The United States blacklisted the head of Pakistan-based terrorist group Jaish-e-Mohammed Weeks After China Veto
UNITED STATES: The United States, Britain and France stepped up a push for the United Nations Security Council to blacklist the head of Pakistan-based terrorist group Jaish-e-Mohammed (JeM) on Wednesday after China prevented an earlier move two weeks ago.
The United States circulated a resolution – drafted with British and French support – to the 15-member council that would designate JeM leader Masood Azhar, subjecting him to an arms embargo, travel ban and asset freeze, diplomats said.
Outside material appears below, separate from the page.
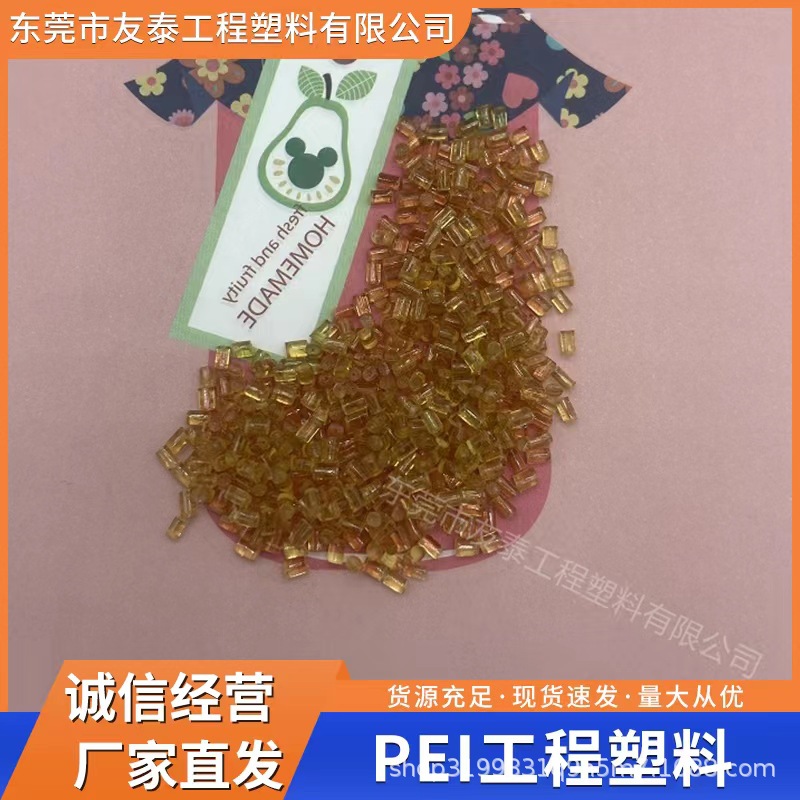 PEI塑胶颗（kē）粒 碳纤增强 耐化学（xué） 高流动性 环保 耐高温运动器（qì）材应用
JeM has claimed responsibility for a February 14 attack in Jammu and Kashmir’s Pulwama that killed at least 40 CRPF personnel, making it the deadliest in Kashmir during a 30-year-long insurgency.
The United States, Britain and France initially asked the Security Council’s ISIS and al Qaeda sanctions committee, which operates by consensus, to blacklist Azhar. However, China prevented the move.
Chinese Foreign Ministry spokesman Lu Kang said that China had conducted a “comprehensive and thorough evaluation” but still needed more time to consider the proposal. China had previously prevented the committee from sanctioning Azhar in 2016 and 2017.
Instead of consensus, a resolution only needs nine votes in favour and no vetoes by China, Russia, the United States, France or Britain to pass. It was not immediately clear when the draft resolution to designate Azhar could be put to a vote.
The Chinese mission to the United Nations did not immediately respond to a request for comment on the draft text.
JeM was blacklisted by the UN Security Council in 2001.